[THE RECORDS Boundary: Start]

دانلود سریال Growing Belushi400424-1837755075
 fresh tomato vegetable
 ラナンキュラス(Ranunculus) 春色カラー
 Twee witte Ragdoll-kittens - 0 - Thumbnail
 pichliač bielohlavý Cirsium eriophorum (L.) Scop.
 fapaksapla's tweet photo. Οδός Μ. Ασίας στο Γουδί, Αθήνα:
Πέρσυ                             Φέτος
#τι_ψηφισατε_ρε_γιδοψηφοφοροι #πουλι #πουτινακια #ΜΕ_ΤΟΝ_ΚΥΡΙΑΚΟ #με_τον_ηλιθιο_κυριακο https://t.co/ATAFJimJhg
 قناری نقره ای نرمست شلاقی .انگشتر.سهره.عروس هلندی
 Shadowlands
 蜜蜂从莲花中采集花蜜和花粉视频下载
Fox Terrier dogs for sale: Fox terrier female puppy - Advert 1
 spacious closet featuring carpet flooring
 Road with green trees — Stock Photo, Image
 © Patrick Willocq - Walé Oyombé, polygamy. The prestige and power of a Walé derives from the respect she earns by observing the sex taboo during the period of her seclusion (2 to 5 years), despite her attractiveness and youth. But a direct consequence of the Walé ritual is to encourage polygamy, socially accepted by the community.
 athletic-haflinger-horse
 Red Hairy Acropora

[THE RECORDS Boundary: End]

WORK REQUIRED:
Transcribe, exactly as written, all lines of the entries above from the first to the one containing "قناری نقره ای", and no more.

ANSWER BOX:
دانلود سریال Growing Belushi400424-1837755075
 fresh tomato vegetable
 ラナンキュラス(Ranunculus) 春色カラー
 Twee witte Ragdoll-kittens - 0 - Thumbnail
 pichliač bielohlavý Cirsium eriophorum (L.) Scop.
 fapaksapla's tweet photo. Οδός Μ. Ασίας στο Γουδί, Αθήνα:
Πέρσυ                             Φέτος
#τι_ψηφισατε_ρε_γιδοψηφοφοροι #πουλι #πουτινακια #ΜΕ_ΤΟΝ_ΚΥΡΙΑΚΟ #με_τον_ηλιθιο_κυριακο https://t.co/ATAFJimJhg
 قناری نقره ای نرمست شلاقی .انگشتر.سهره.عروس هلندی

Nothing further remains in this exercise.